The core zone is surrounded by a 1.8 m thick blanket of U-238 fuel rods, which on the diagram are shown in pink. The blanket contains U-238 fuel rods, the purpose of which is to absorb neutrons emitted by the core zone. This neutron absorption by U-238 causes formation of fissile atoms within the fertile U-238 fuel rods.
Directly above the upper blanket is the plenum zone, shown in orange on the diagram, which contains top extensions of the fuel tubes but no fuel rods.
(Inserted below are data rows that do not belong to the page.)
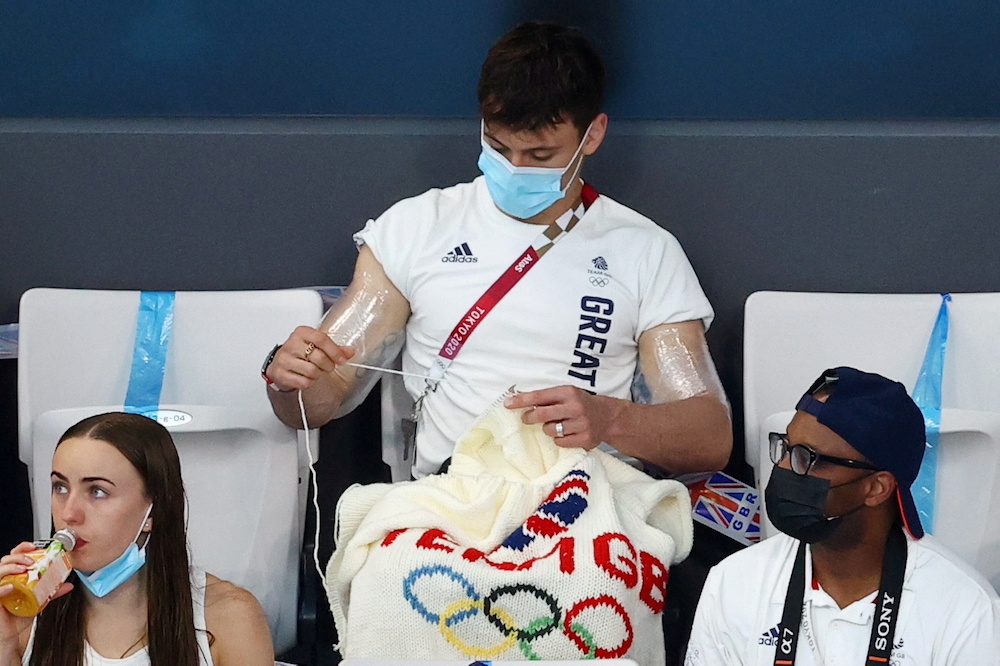 Tom Daley of Britain knits in the stands, August 2, 2021. u00e2u20acu201d Reuters pic 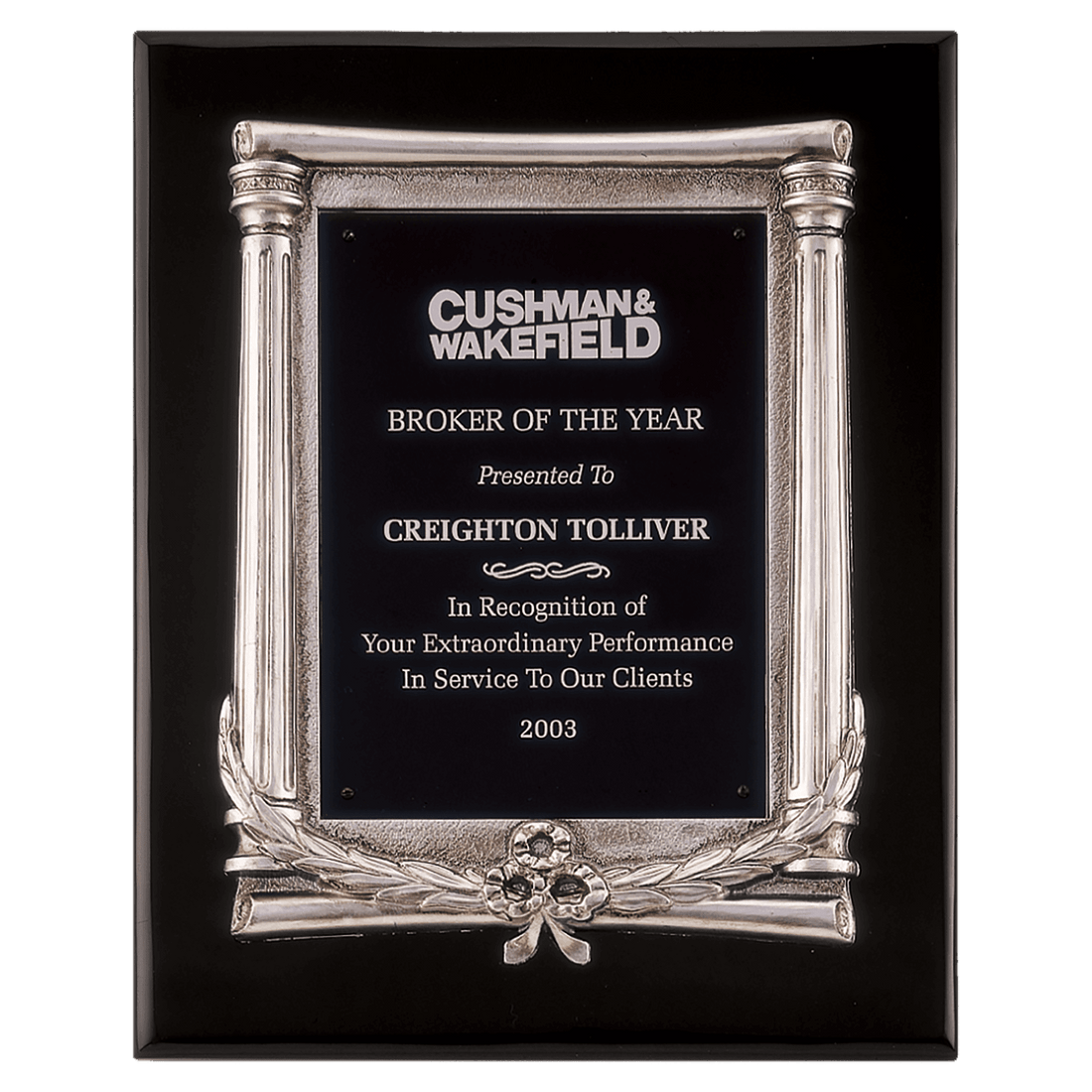 10 1/2" x 13" Black Piano Finish Plaque, Antique Silver Frame Casting & Black Aluminum Plate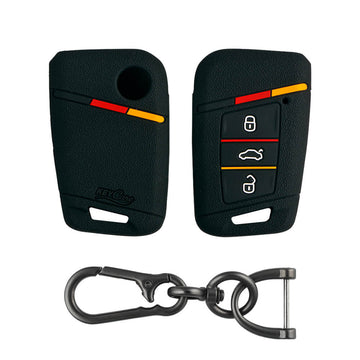 Keycare silicone key cover and keyring fit for : Tiguan, Jetta, Passat Highline smart key (KC-40, Zinc Alloy)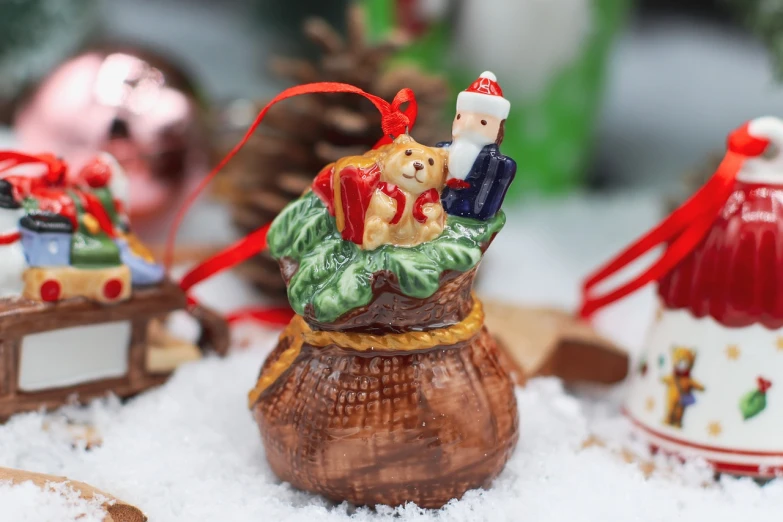 a couple of figurines sitting on top of a snow covered ground, inspired by Ernest William Christmas, tiny cat riding a labrador, decorated ornaments, 🐝👗👾, detailed image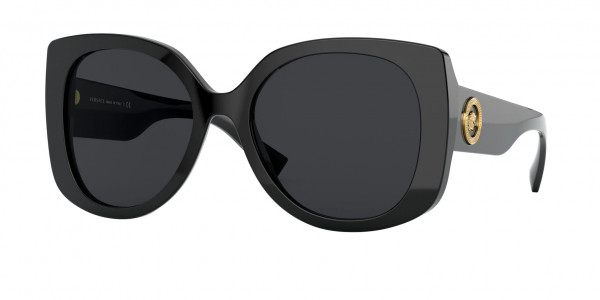 Versace VE4387F Sunglasses, GB1/87 BLACK DARK GREY (BLACK)
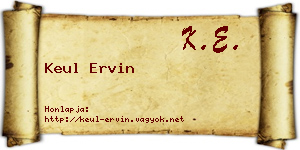 Keul Ervin névjegykártya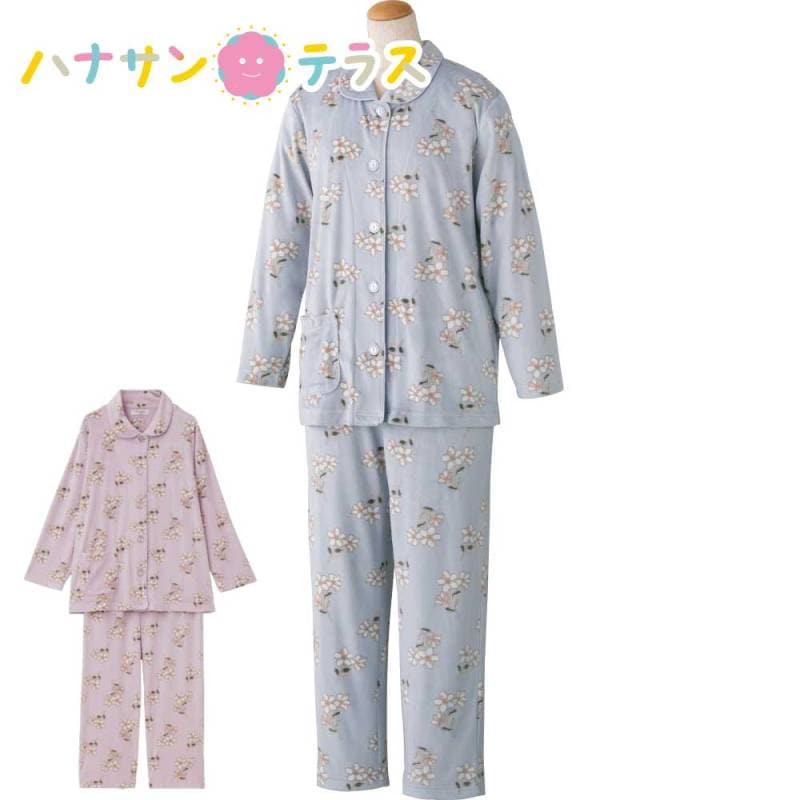 ストレッチベロア大きめボタンパジャマ S M L 秋冬 レディース 用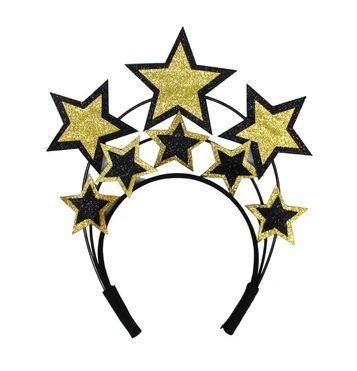 Black and Gold Stars Headband (Each)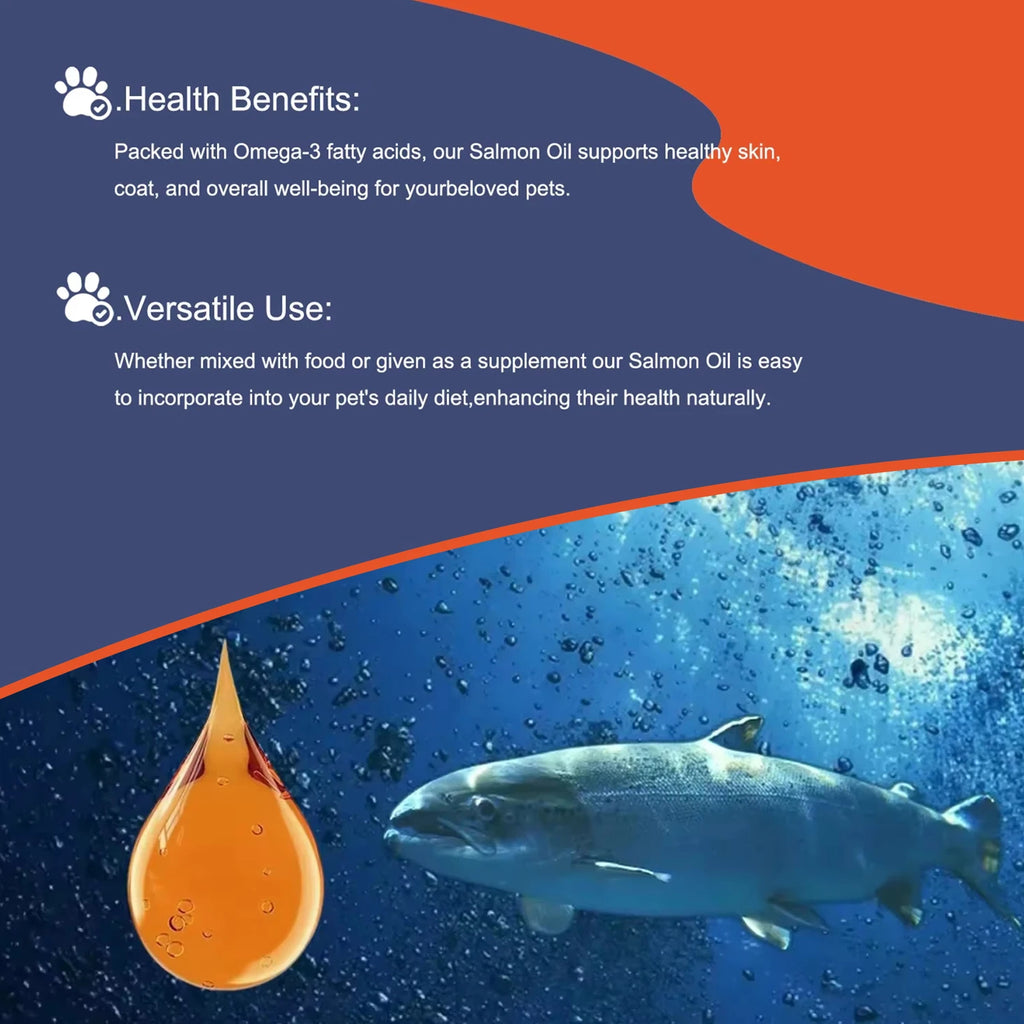 300ml/10.15 fl oz, 100ml/3.38 fl oz Human Grade Salmon Oil for Dogs & Cats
During normal reactor operation about half of the fission neutrons produced in the core zone are absorbed within the core zone and the other half of the fission neutrons are mostly absorbed by the surrounding blanket zone.
An important issue in fuel breeding FNR design is neutron conservation. Almost all of the excess neutrons emitted by the core zone should be captured by the surrounding fuel rods in order to breed more fissile fuel. Neutron absorption by other materials should be minimized.
Outside the blankets are guard bands of liquid sodium which absorb any neutrons that escape from the outer surface of the blankets. These guard bands prevent cumulative neutron impingement on the sodium pool walls and sodium pool bottom.
Immersed in the liquid sodium but adjacent to the walls of the sodium pool are intermediate heat exchange bundles which are used to extract useful heat from the sodium pool.
Natural convection of liquid sodium transports heat from the FNR core, up through the upper blanket and plenum zone to the top surface of the sodium pool, radially across the sodium pool top surface, down past the intermediate heat exchange bundles, radially across the pool bottom to the bottom of the fuel tube assembly and then up through the lower blanket to the FNR core.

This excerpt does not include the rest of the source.